Sim Smith is delighted to announce Kemi Onabulé’s third solo exhibition with the gallery, Solastalgia. The exhibition presents a new body of work centered on the term solastalgia, coined by the philosopher Glenn Albrecht to describe the emotional distress caused by environmental change close to home. Through this new body of paintings, Onabulé examines the psychological and emotional impacts of ecological loss, displacement, and transformation in beautiful yet indeterminate landscapes that invite viewers to reflect on their own relationships to place and asking how painting can hold both beauty and loss in a time of environmental uncertainty.
Rooted in personal observation and collective experience, Onabulé’s work reflects a sense of mourning for familiar landscapes that are altered by climate change, unrest, and environmental degradation. The work focuses on intimate environments—places once associated with comfort, identity, and belonging—that have become unfamiliar or destabilized. In this case the paintings centre on an island, each painting rotating through different vistas. Refuge is sought in nature in this exhibition, in the sun and the skies and in trees and branches that seem to cocoon and shelter from the outside world.
It is the first time Onabulé has created an entire exhibition on board, pushing the materiality of paint across a surface that allows her to fully explore her painterly vernacular. The works are framed by the artist in Sapele, a wood from the city of Sapele in Nigeria, a place near the town Onabulé’s father comes from. Onabulé found this wood by chance and it was only on speaking to her father about the framing process that she found this connection. The material serendipitously ties Onabulé to familiar landscapes and personal histories, a convergence of the real, the remembered and the imagined in real time. These paintings are exciting and fluid in their making, they slip and drip and breathe. The vital hand of the artist is evident and remains on the surface far outside of the studio, with paintings that still look wet and with details within the landscape that appear as though they might still be moving in the breeze.

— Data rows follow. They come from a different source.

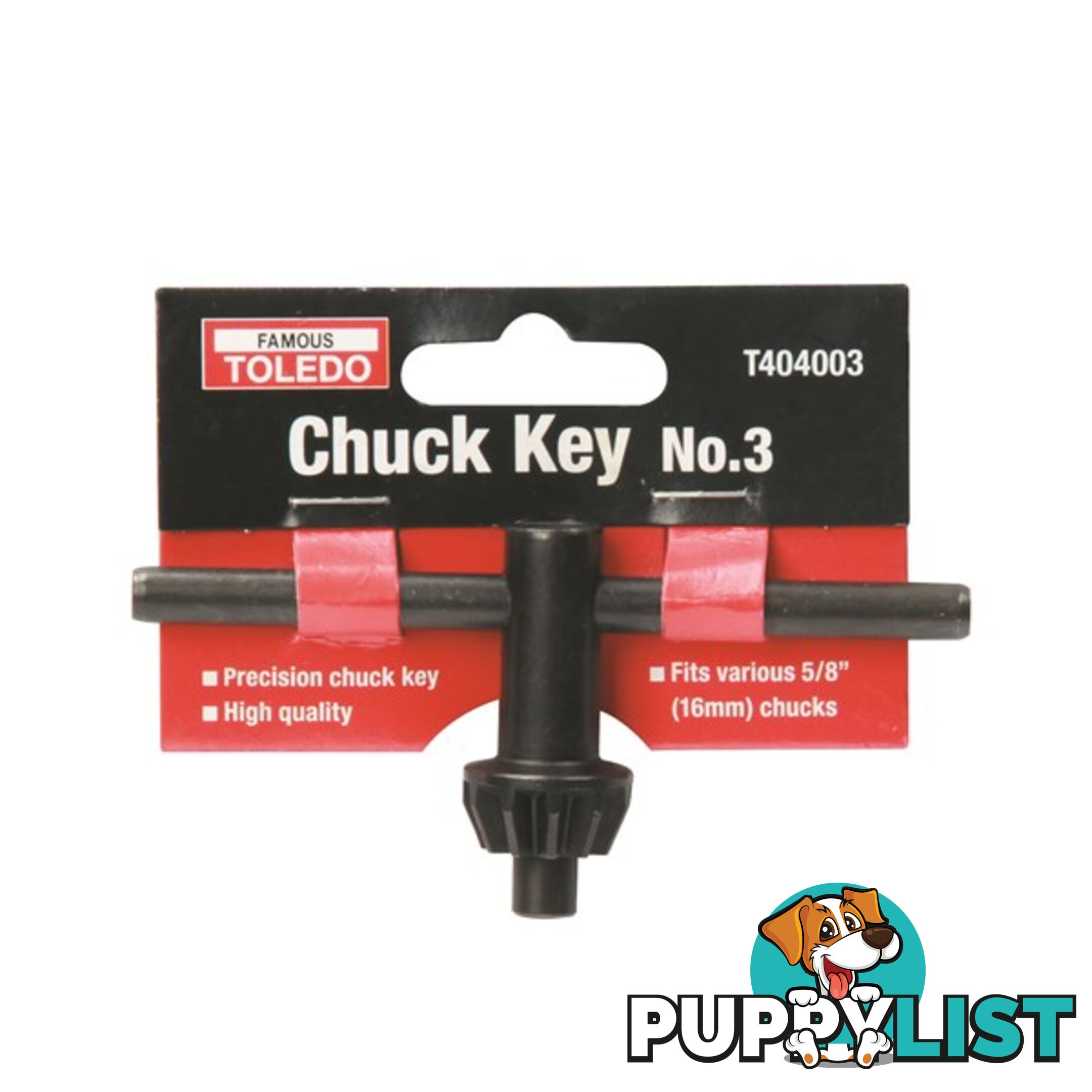 Toledo Chuck Key  - 16mm (No.03) SKU - T404003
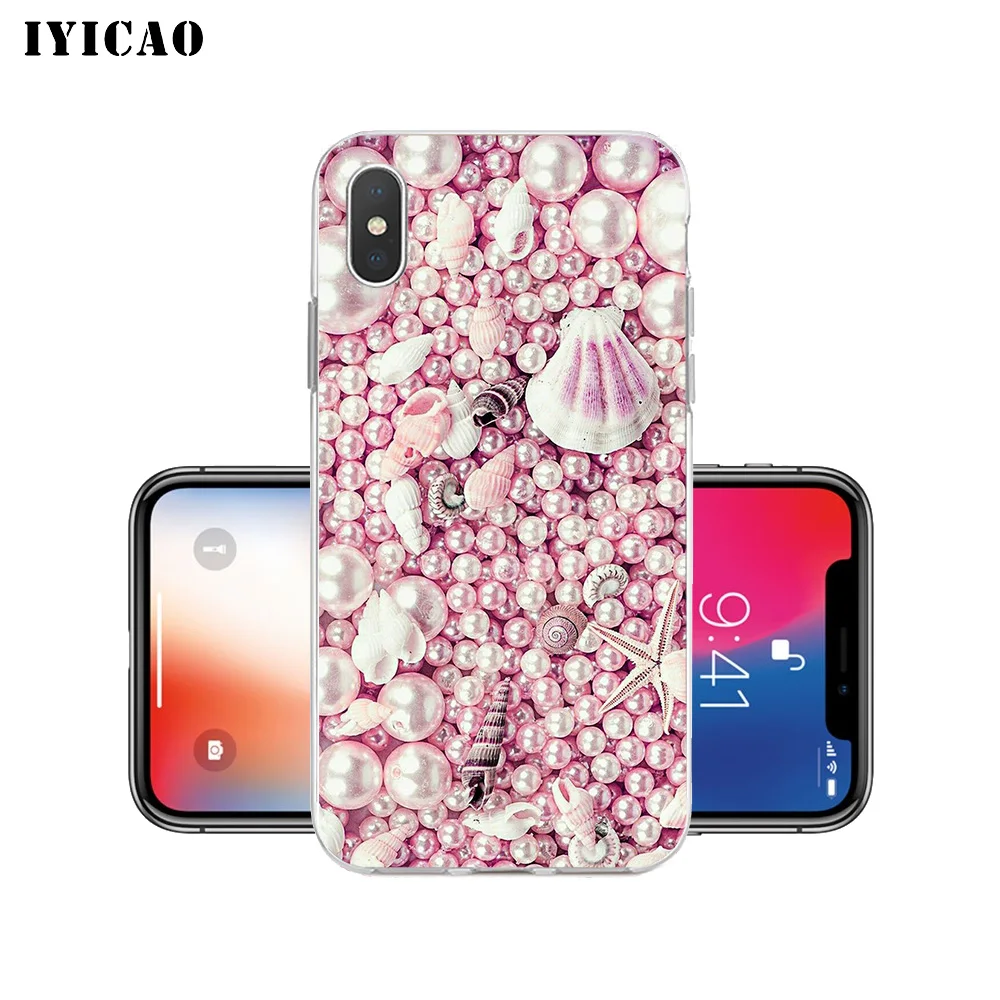 IYICAO Мягкий силиконовый чехол для iPhone X XR XS MAX 6 6s 7 8 Plus 5 5S SE TPU|Чехлы-накладки| |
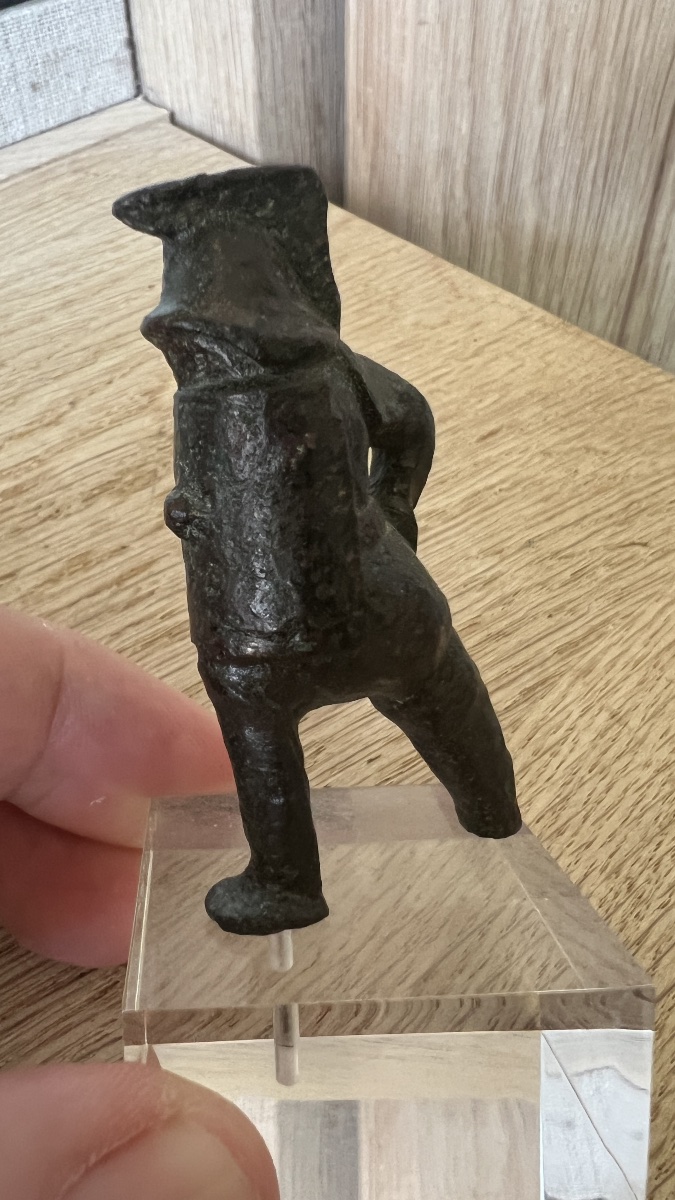 Roman Bronze Statue Of A Gladiator-photo-3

Onabulé is world-building across various scales in this exhibition. From zoomed in microcosms of leafy topographies and terrains of the body to larger works that depict a more wholistic scene, Onabulé creates works that balance beauty and unease, inviting viewers to confront their own relationships to place and loss. The imagery often oscillates between memory and reality, capturing the tension between what once was and what remains. By visualizing solastalgia, Onabulé contributes to a growing cultural dialogue around climate anxiety and emotional resilience. The work encourages reflection, empathy, and awareness, positioning art as a space for processing ecological grief and imagining new forms of connection to a changing world.